### About this task:
Among the records, which lines include "Fashion"? List them.

### Entries provided:
/---

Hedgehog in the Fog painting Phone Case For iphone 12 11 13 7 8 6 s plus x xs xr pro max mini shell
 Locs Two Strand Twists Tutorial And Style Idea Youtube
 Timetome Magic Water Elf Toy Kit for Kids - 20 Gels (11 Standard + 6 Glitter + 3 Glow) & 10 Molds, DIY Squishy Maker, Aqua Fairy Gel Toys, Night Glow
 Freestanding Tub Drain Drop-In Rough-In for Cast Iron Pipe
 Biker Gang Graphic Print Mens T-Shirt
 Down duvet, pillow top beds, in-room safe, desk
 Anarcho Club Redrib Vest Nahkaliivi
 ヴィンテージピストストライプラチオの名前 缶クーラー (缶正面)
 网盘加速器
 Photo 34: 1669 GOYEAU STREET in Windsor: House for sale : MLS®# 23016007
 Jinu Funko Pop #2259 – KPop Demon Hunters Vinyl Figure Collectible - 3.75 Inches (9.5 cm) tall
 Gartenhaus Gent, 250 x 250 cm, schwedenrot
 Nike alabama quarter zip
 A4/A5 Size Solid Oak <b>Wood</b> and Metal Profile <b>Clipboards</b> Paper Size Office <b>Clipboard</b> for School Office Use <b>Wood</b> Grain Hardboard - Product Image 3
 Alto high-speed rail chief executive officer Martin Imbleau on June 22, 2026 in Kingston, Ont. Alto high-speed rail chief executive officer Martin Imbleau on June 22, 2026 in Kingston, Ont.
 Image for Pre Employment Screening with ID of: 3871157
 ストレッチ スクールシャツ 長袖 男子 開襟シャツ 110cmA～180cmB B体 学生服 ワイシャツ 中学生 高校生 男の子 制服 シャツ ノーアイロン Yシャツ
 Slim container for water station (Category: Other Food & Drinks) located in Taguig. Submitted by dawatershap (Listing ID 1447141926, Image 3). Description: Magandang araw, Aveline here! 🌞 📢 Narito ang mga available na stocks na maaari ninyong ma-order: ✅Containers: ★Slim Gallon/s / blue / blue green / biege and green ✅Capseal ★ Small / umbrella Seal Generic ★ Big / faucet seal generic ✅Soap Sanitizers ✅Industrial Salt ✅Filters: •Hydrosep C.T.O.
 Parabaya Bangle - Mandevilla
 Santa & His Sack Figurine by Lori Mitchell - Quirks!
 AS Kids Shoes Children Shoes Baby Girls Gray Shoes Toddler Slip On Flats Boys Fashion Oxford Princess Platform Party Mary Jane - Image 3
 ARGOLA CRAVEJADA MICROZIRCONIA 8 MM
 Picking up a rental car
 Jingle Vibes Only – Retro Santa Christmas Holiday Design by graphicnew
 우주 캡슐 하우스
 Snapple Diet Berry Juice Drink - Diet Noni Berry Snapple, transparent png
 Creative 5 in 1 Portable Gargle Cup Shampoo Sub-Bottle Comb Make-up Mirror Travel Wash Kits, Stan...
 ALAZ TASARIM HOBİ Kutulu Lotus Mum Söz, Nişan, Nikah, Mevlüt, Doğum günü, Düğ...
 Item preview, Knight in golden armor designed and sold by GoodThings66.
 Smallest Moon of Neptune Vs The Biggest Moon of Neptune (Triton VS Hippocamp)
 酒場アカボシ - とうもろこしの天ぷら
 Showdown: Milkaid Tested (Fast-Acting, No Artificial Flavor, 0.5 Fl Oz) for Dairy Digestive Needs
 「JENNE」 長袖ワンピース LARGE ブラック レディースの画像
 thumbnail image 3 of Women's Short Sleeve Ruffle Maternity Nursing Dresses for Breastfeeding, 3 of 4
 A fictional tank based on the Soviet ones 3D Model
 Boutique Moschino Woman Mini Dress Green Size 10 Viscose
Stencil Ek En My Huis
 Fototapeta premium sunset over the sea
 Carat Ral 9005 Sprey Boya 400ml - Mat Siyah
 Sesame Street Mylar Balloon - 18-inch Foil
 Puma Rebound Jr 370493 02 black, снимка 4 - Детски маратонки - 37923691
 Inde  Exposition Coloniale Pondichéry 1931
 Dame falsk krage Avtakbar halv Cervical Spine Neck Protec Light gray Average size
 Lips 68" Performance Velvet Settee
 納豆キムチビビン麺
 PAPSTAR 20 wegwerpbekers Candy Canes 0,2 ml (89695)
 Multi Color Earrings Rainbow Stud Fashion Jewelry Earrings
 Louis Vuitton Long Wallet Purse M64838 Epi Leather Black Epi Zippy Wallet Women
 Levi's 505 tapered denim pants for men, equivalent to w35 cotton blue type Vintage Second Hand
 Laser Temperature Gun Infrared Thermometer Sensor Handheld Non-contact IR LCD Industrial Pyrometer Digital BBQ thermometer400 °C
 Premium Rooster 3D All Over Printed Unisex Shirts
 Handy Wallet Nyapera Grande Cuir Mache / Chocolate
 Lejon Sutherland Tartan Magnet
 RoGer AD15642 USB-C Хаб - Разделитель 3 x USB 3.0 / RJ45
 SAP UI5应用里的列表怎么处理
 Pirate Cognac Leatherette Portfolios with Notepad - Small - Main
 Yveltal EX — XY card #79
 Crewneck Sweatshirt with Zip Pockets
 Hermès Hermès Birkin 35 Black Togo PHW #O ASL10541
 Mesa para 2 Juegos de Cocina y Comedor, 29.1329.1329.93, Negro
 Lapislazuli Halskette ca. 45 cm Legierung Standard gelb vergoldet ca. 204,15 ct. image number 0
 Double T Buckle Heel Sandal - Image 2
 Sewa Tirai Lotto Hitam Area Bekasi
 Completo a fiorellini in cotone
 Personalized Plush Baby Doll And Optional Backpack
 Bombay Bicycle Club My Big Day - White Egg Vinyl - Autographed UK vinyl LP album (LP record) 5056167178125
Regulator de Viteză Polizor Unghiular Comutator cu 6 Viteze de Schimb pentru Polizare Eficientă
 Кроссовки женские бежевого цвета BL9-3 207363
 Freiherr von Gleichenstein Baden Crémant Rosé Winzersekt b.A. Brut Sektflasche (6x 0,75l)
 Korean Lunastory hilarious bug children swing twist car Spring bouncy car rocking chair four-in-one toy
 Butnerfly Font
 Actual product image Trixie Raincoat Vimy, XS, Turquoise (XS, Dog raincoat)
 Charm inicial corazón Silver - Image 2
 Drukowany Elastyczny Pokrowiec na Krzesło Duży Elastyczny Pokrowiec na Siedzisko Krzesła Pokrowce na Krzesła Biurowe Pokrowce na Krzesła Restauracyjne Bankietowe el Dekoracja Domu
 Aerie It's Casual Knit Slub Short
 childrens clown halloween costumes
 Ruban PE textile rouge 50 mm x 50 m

\---

### Result for this exercise:
 AS Kids Shoes Children Shoes Baby Girls Gray Shoes Toddler Slip On Flats Boys Fashion Oxford Princess Platform Party Mary Jane - Image 3
 Multi Color Earrings Rainbow Stud Fashion Jewelry Earrings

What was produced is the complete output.